When Haitians trooped to the polls on March 29 and overwhelmingly ratified that new constitution--mainly because it barred Duvalierists from elective offices for 10 years--Namphy let it be known he had been one of the few to vote no.

The rest is history. When Namphy made a crude, unsuccessful attempt to wrest control of the electoral process on June 22, people protested in the streets and more than 30 people were killed. Re-examining past conversations with Namphy, his one-time friends now realize in retrospect that he had decided as early as July that there would be no uncontrolled elections.
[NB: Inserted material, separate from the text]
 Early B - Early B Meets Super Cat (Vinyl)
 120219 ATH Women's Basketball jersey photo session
The Duvalierists were helped along at the end of the summer when Namphy became so angry that he refused to read newspapers, listen to the radio or watch TV. Without any direct communication with Haitian reality, he exposed himself to the disinformation of these “experts.” By August he was no longer plain Henri or “Chouchou” but President Namphy; he ordered the presidential hymn be played for his ceremonial appearances. His diatribes against priests, politicians and meddling foreigners were so loud and blasphemous that one visitor remembers leaving Namphy’s ranch house in the Cul de Sac Valley filled with gloom and fear. Reporters, said Namphy, were filthy rabble-rousers; Haiti was experiencing not democracy but “radiocracy.”
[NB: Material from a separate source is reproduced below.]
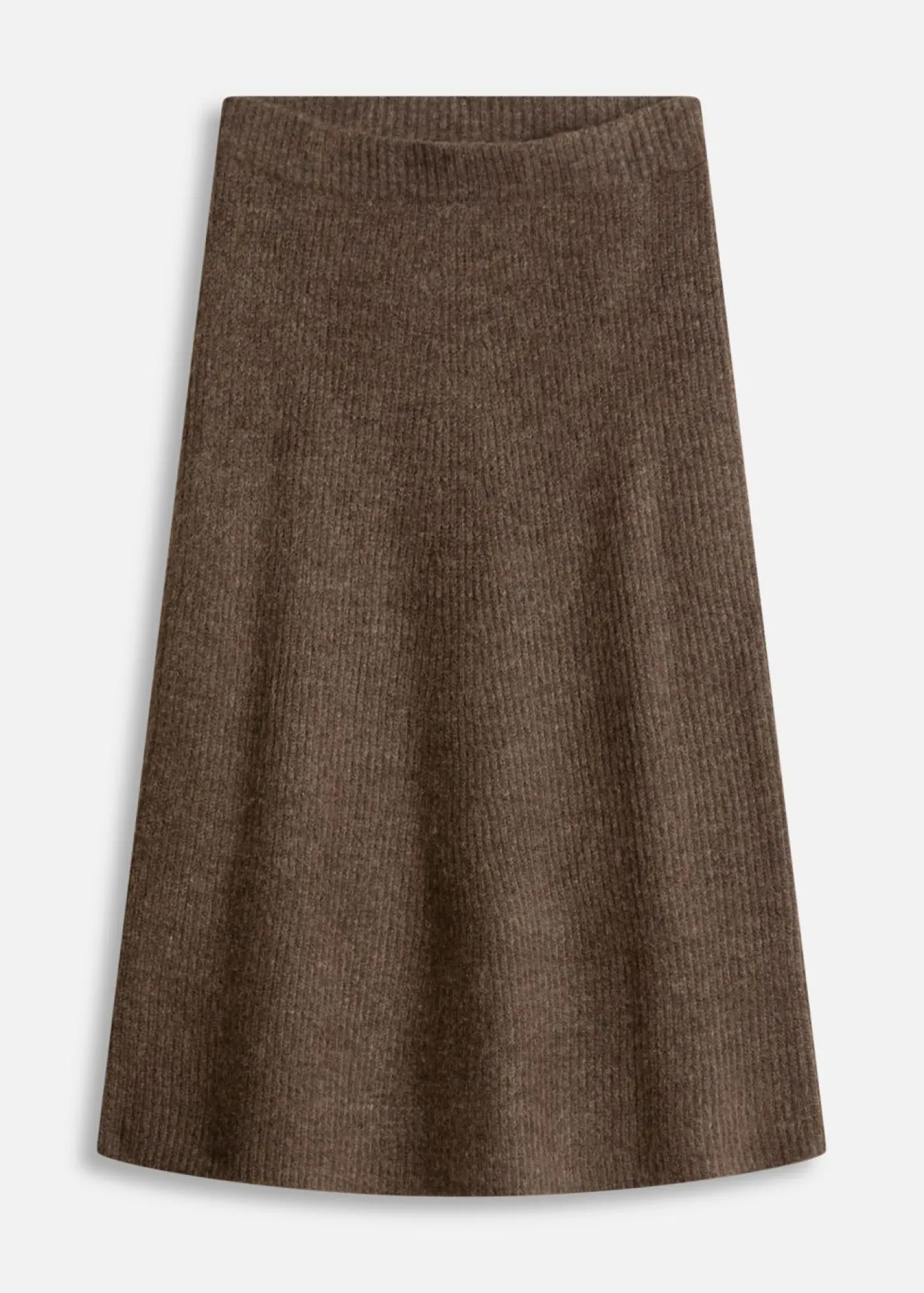 New Falda midi de punto Mujer Faldas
The death squads began their operation. The Duvalierists made a common front for a time, calling it privately a war of survival. Their first victory was in the hills above Jean-Rabel, where 225 peasants belonging to an activist Catholic group were massacred. Those who promised progress were soon on the defensive, although they didn’t fully comprehend what was happening. The sabotaging of elections was accomplished in stages. It was no secret in the palace and on the ranch that it would take only a few deaths on election day to halt the vote.
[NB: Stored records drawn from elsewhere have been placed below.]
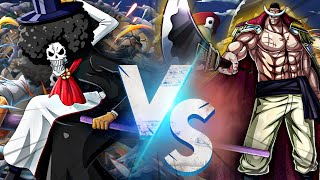 WHO IS THE BEST DEFENDER? - BROOK OR WHITEBEARD! 🤔 | ONE PIECE BOUNTY RUSH OPBR SS LEAGUE BATTLE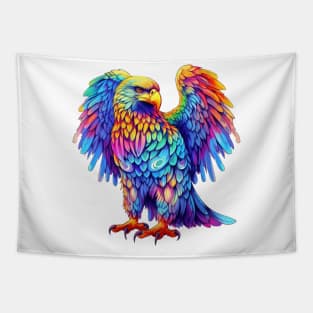 Colorful Eagle #3 Tapestry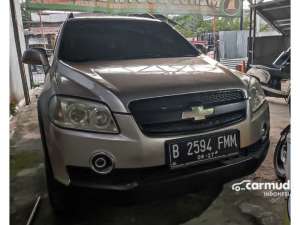 Jual bekas 2007 Chevrolet Captiva 2.4 SUV,lokasi di Jawa Barat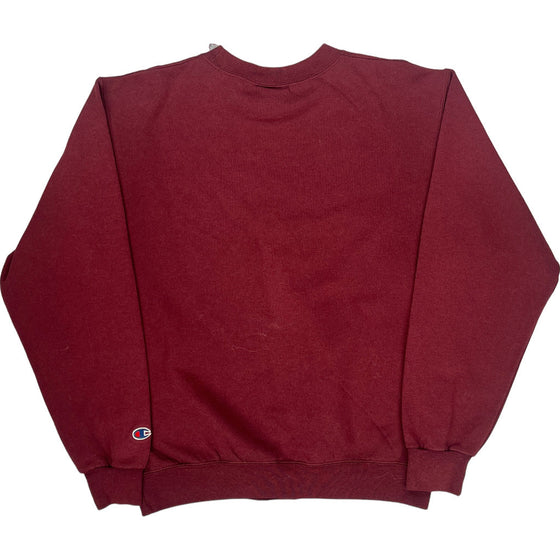 Champion Boston College Eco Fleece Sweatshirt - Small - Burgundy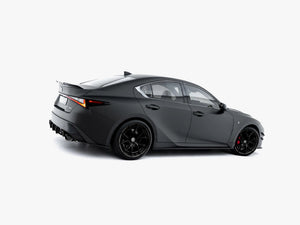 Maxton Design Street PRO Side Skirt Diffusers Lexus IS 500 Mk3 Facelift 2 (XE30) - Wayside Performance 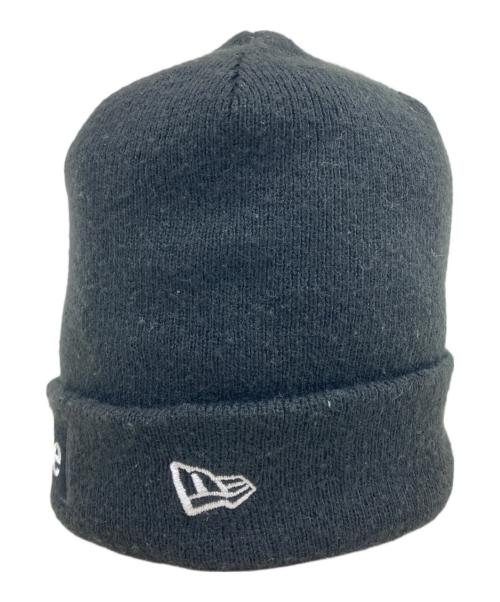 SUPREME（シュプリーム）SUPREME (シュプリーム) New Era (ニューエラ) Box Logo Beanie ブラックの古着・服飾アイテム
Namphy told a friend, weeks before the ill-fated elections, about the time 30 years ago when the Duvalierists wanted him to kill people. He had been a young officer on the night of June 18, 1957; the army was ordered to repress followers of MOP leader Fignole. The army had just ejected Fignole in his 19th day as provisional president. The ouster of the darling of the Port-au-Prince masses opened the way for three decades of Duvaliers. Hundreds were massacred that terrible June night and MOP was to remain quiet for the next 30 years.

Advertisement

How ironic that Namphy could now chose a leader of the fractured MOP to be the next president--even more ironic because Fignole, who returned from exile to die, predicted: “This regime will end in a dance of scorpions, they will sting each other to death.”